> Directions for this task: Print exactly the line that contains "And then there's", then every following line through the end of the material; include nothing else and no pictures.

> Materials provided:
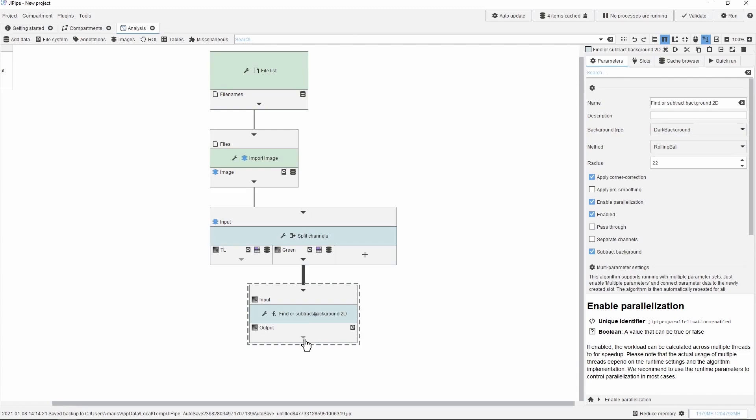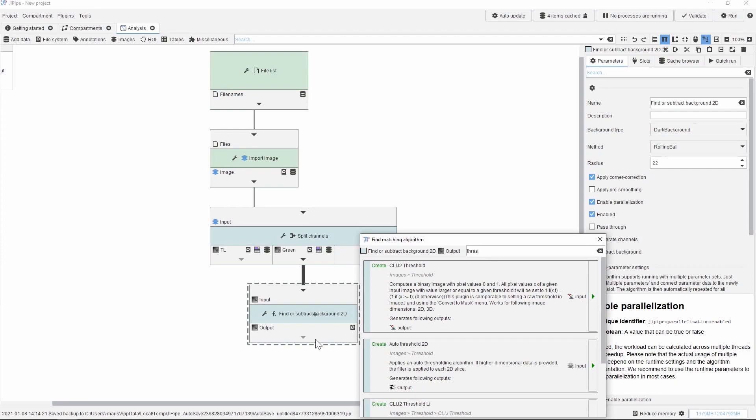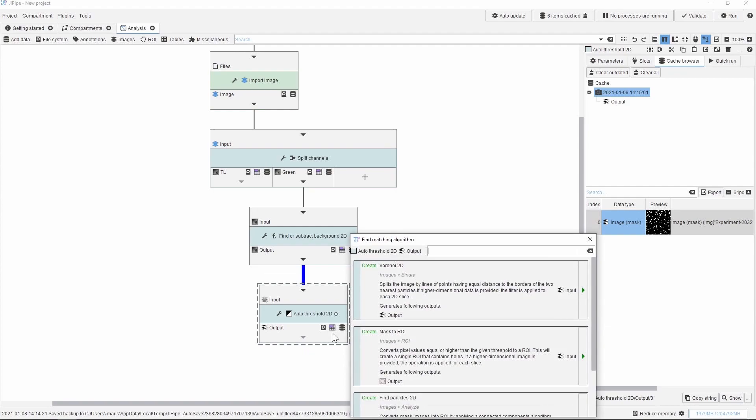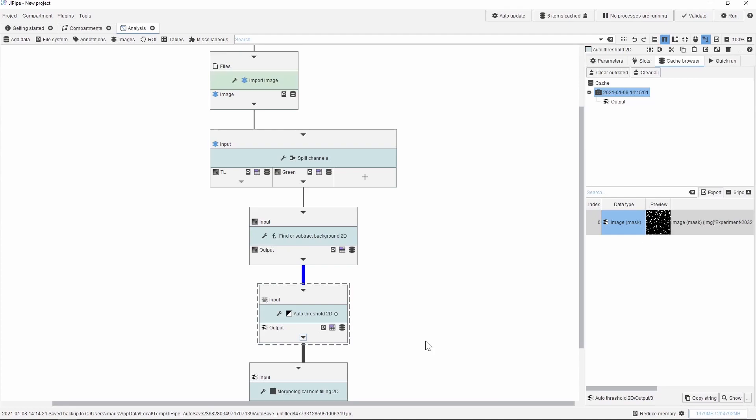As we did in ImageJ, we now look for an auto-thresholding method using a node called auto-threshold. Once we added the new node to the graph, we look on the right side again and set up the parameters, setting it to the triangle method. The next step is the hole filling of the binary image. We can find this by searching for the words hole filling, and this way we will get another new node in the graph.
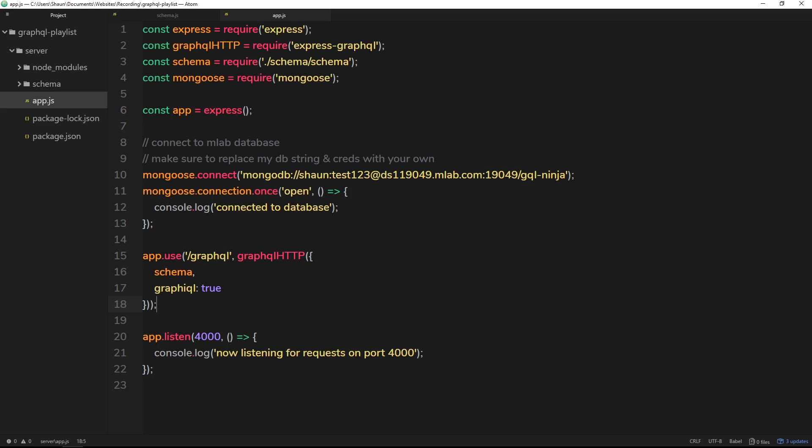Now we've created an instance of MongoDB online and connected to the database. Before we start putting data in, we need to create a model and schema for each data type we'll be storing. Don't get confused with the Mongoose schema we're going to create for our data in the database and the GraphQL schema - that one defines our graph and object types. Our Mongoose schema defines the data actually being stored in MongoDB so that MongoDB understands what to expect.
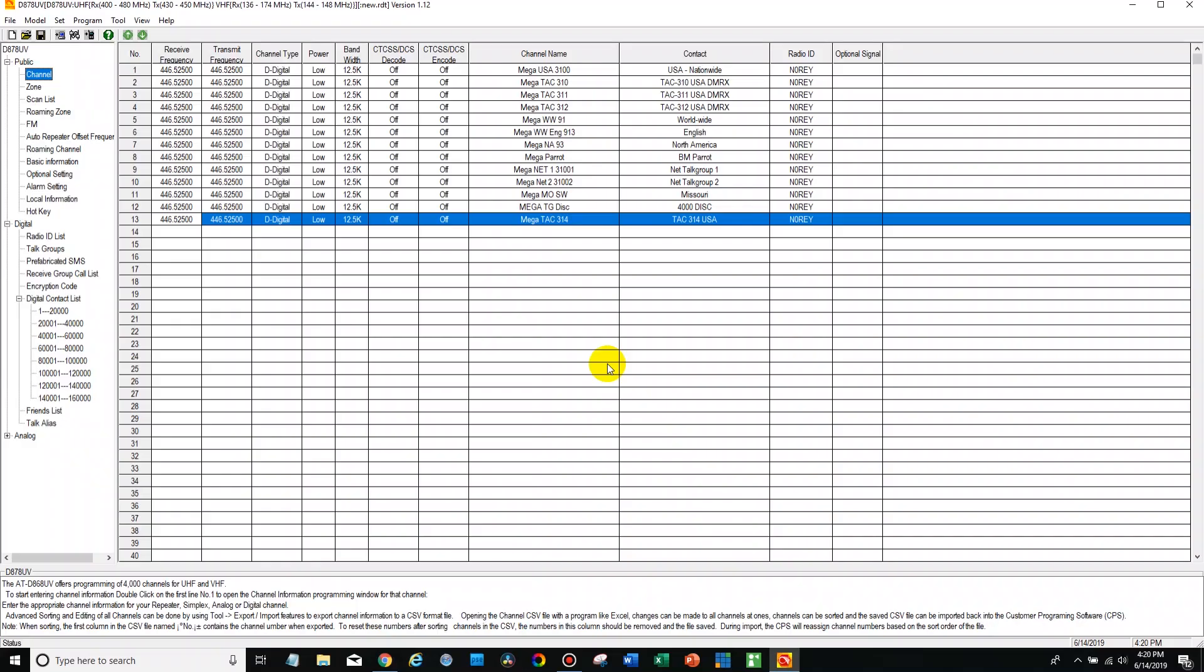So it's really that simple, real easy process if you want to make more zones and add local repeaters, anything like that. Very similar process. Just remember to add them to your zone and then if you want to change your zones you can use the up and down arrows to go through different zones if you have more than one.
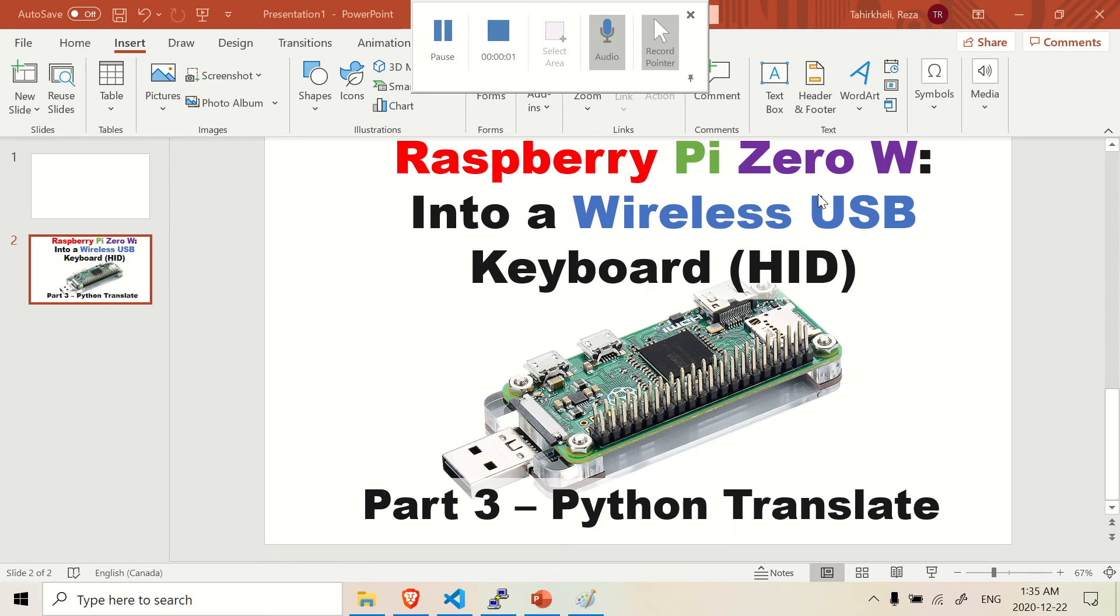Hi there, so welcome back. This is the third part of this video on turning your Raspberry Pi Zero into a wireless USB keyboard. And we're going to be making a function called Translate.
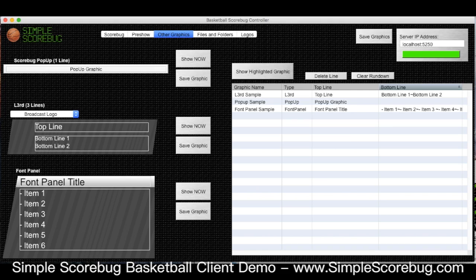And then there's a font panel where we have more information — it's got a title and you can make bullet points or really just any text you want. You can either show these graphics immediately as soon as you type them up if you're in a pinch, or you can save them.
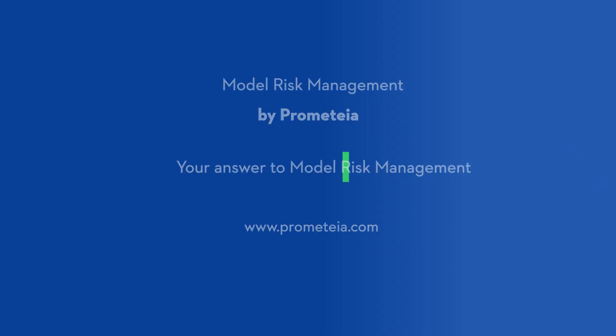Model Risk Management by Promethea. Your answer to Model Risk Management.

> Answer for this exercise:
And then there's a font panel where we have more information — it's got a title and you can make bullet points or really just any text you want. You can either show these graphics immediately as soon as you type them up if you're in a pinch, or you can save them.
Model Risk Management by Promethea. Your answer to Model Risk Management.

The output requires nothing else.